» Problem: Transcribe word for word the section of the records below that opens with the line containing "New Ocean Paradise Ξενοδοχείο" and closes with the line containing "Tile Removal Service"; drop every picture.

» Dataset extract:

=-=-=

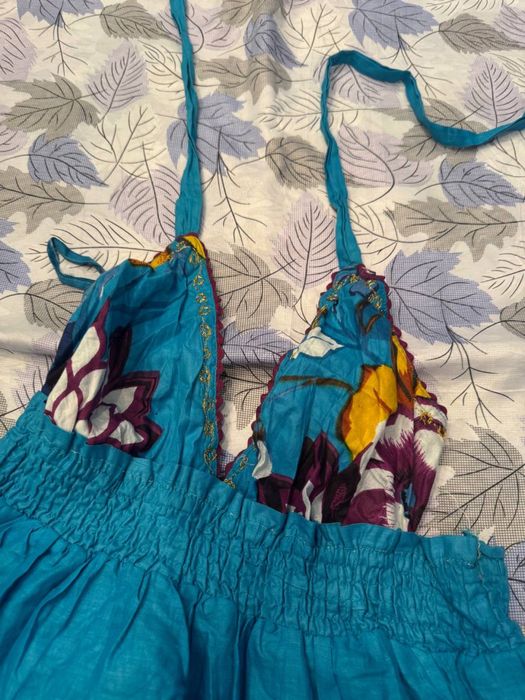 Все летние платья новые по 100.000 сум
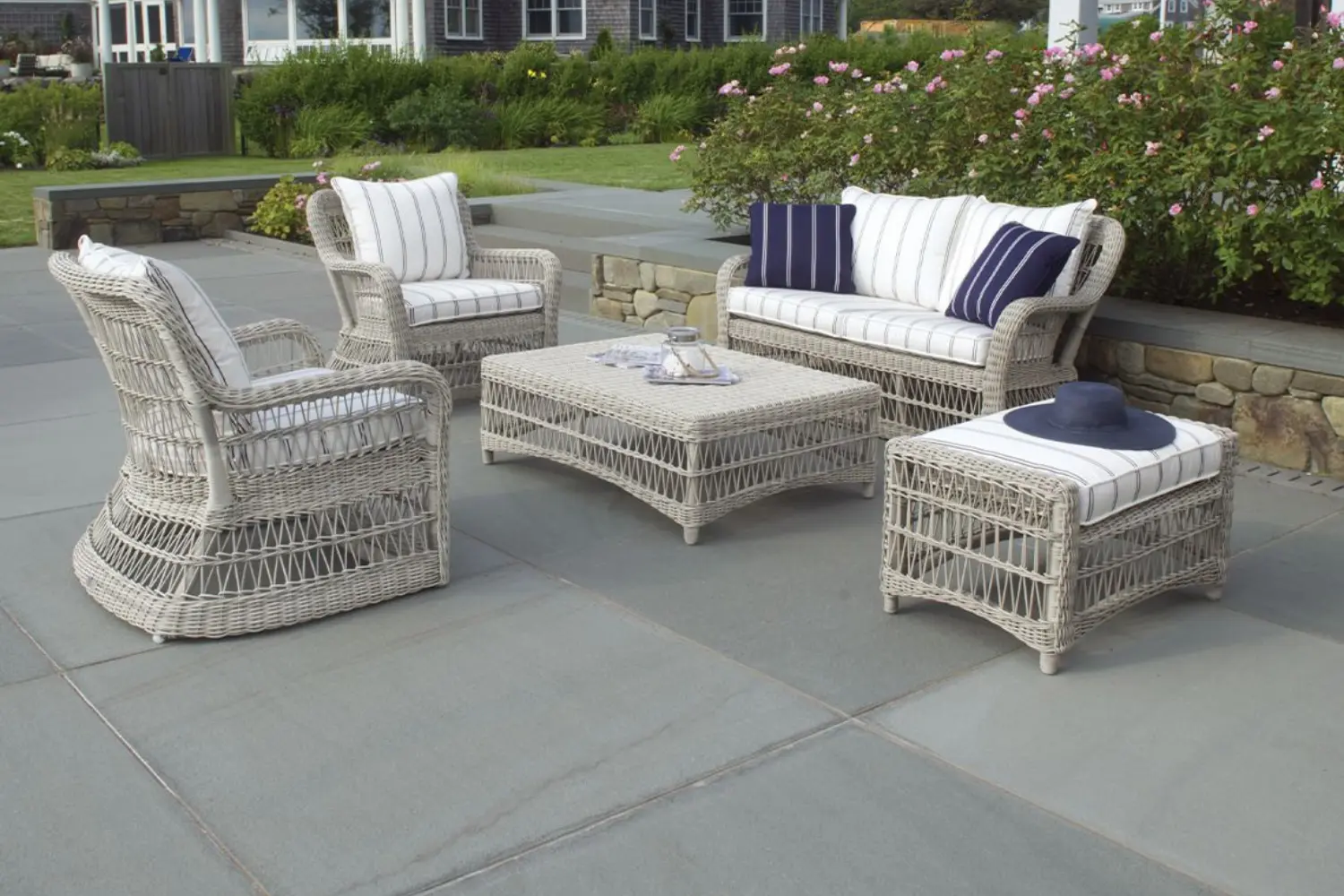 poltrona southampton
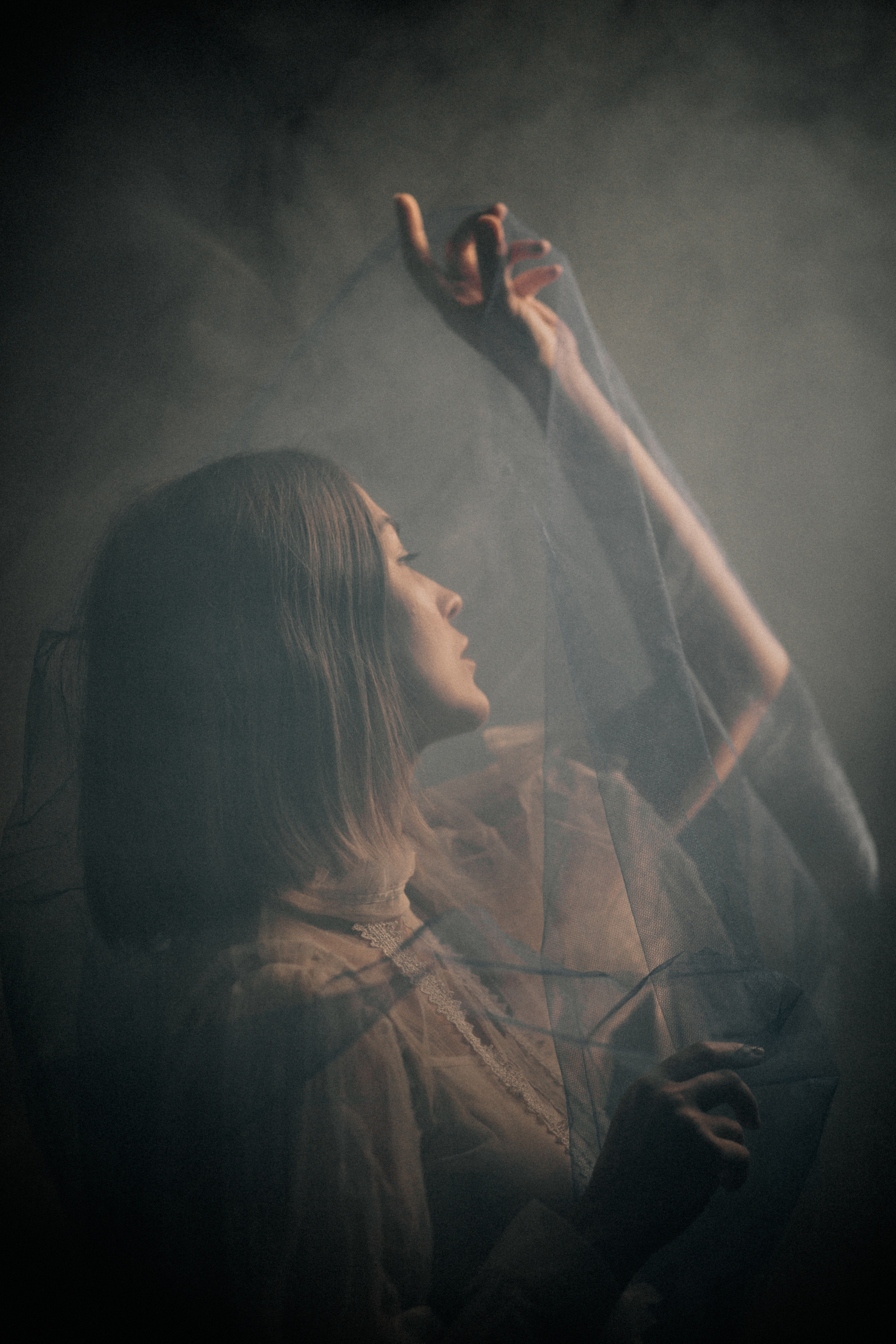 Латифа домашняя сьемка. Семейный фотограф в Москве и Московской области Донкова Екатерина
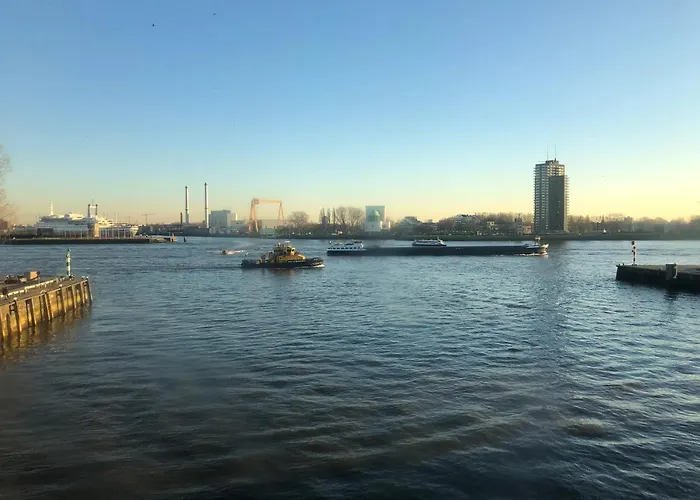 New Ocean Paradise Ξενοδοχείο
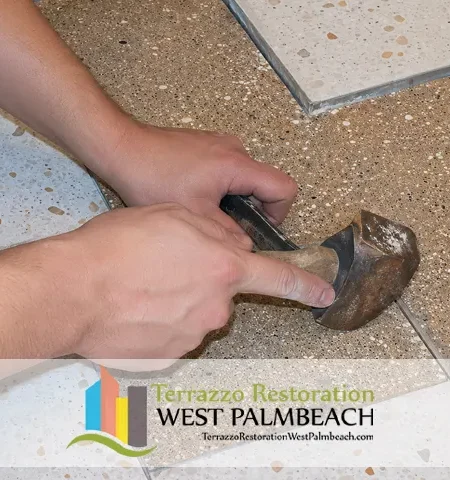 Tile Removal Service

=-=-=

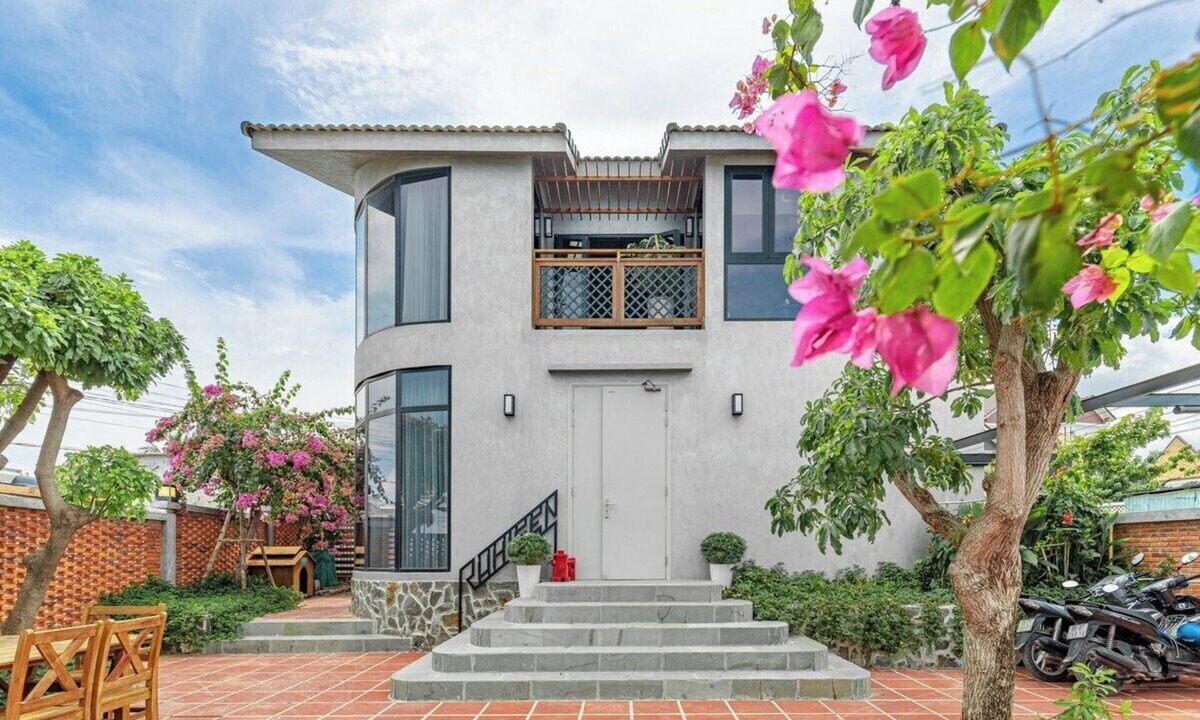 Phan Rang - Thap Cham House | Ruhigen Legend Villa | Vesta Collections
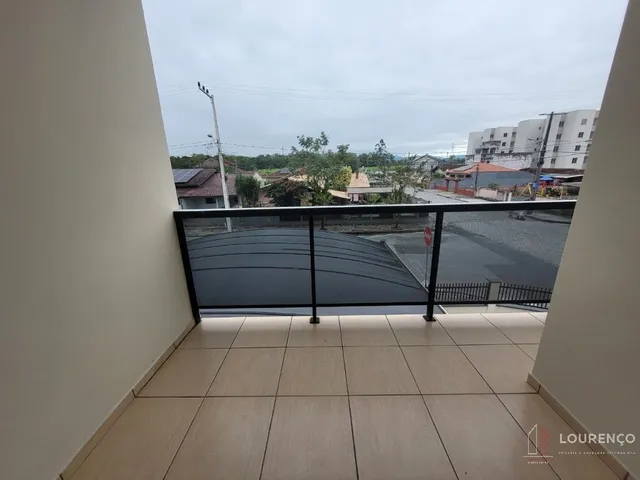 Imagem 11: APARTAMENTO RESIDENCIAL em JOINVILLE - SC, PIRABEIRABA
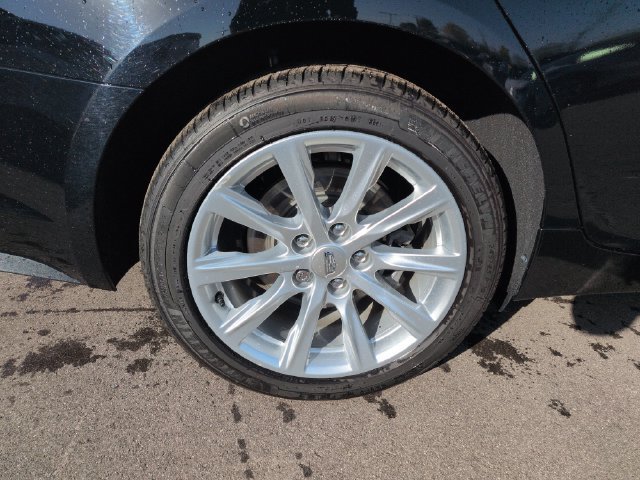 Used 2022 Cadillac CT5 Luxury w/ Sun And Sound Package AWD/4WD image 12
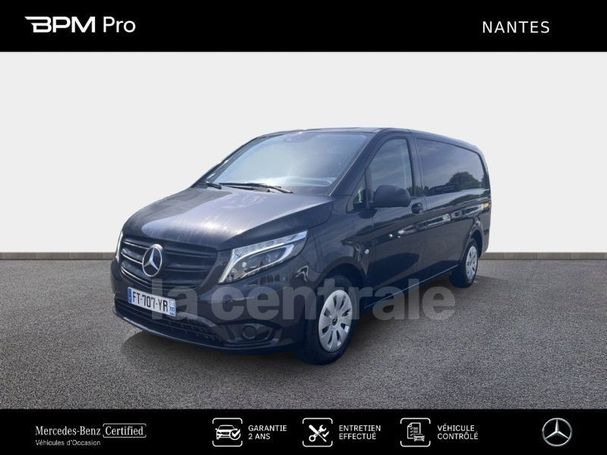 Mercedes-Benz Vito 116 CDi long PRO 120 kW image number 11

=-=-=

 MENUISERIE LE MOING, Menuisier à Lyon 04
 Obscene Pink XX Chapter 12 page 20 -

=-=-=

» Response to the exercise:
 New Ocean Paradise Ξενοδοχείο
 Tile Removal Service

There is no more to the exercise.